### [STORED DATA]
__________________________________________________
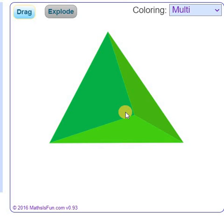Now please explore and find out the number of vertices of this shape.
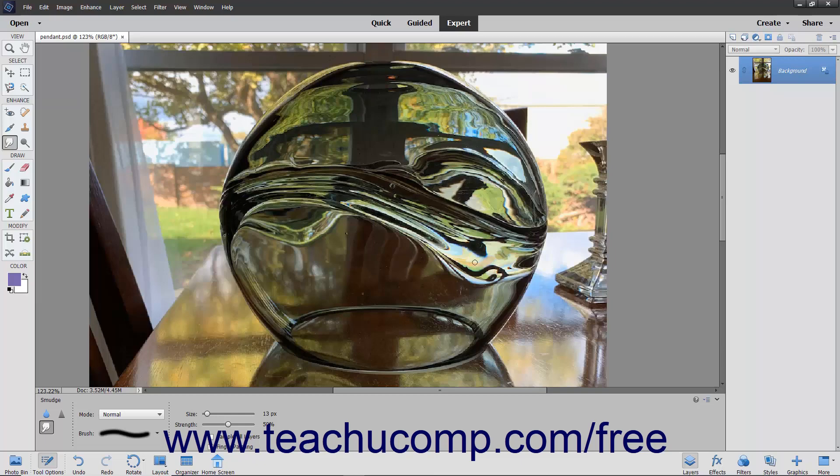After setting your options, then click and drag in the image to smudge the paint where you click and drag.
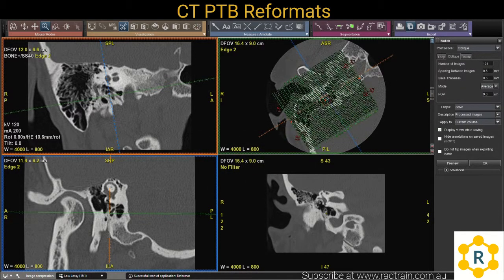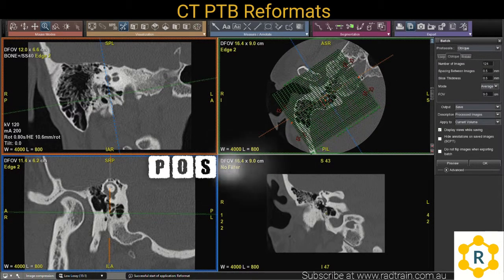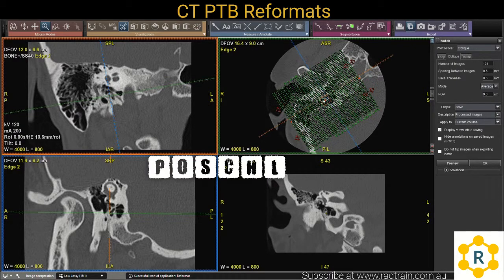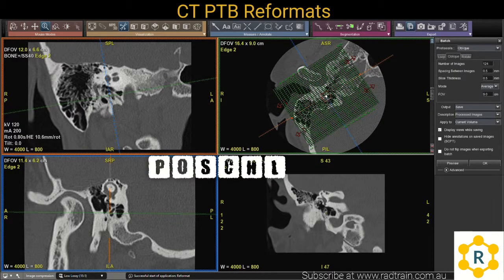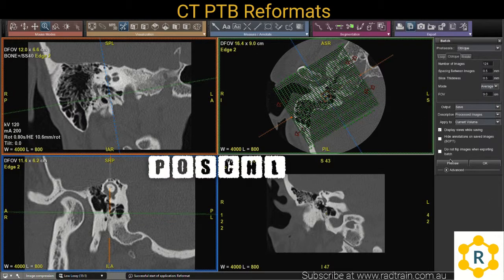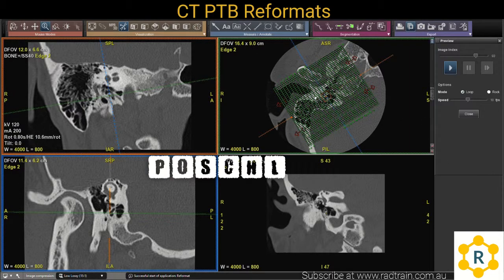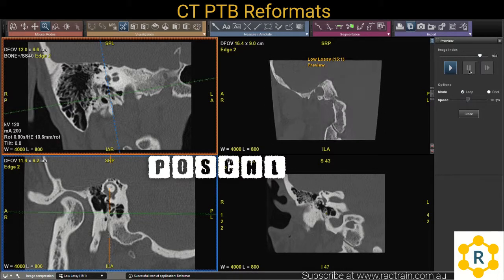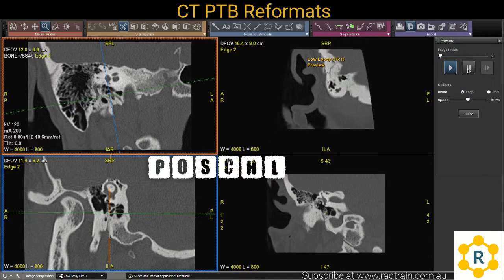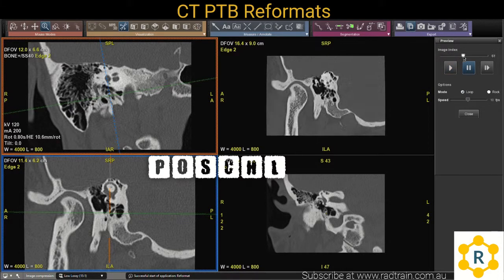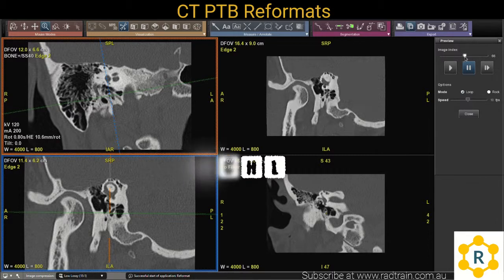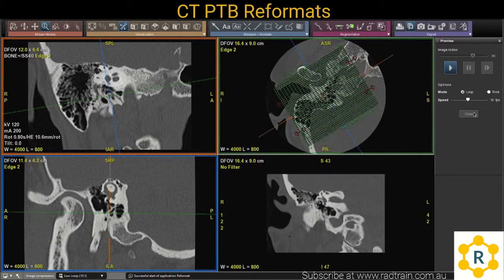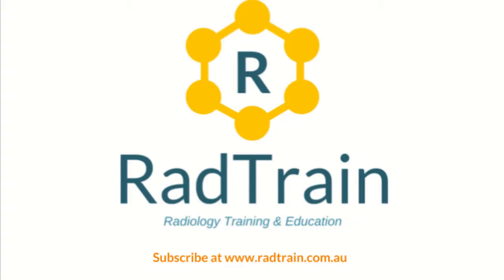The next one is our porial view. Basically what I'm going to do now is angle my batch slab to the blue multi-oblique line, and what we should get is an identical picture to the one in the bottom left corner there. Again, what you're looking for is a complete ring of the superior semicircular canal — that's a good indication that you've got the angles right.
__________________________________________________
### [TASK DIRECTIONS]
Produce an exact copy of the lines from the line with "After setting your" through the last line of the data above, both ends included. No pictures belong in it.

### [EXPECTED ANSWER]
After setting your options, then click and drag in the image to smudge the paint where you click and drag.
The next one is our porial view. Basically what I'm going to do now is angle my batch slab to the blue multi-oblique line, and what we should get is an identical picture to the one in the bottom left corner there. Again, what you're looking for is a complete ring of the superior semicircular canal — that's a good indication that you've got the angles right.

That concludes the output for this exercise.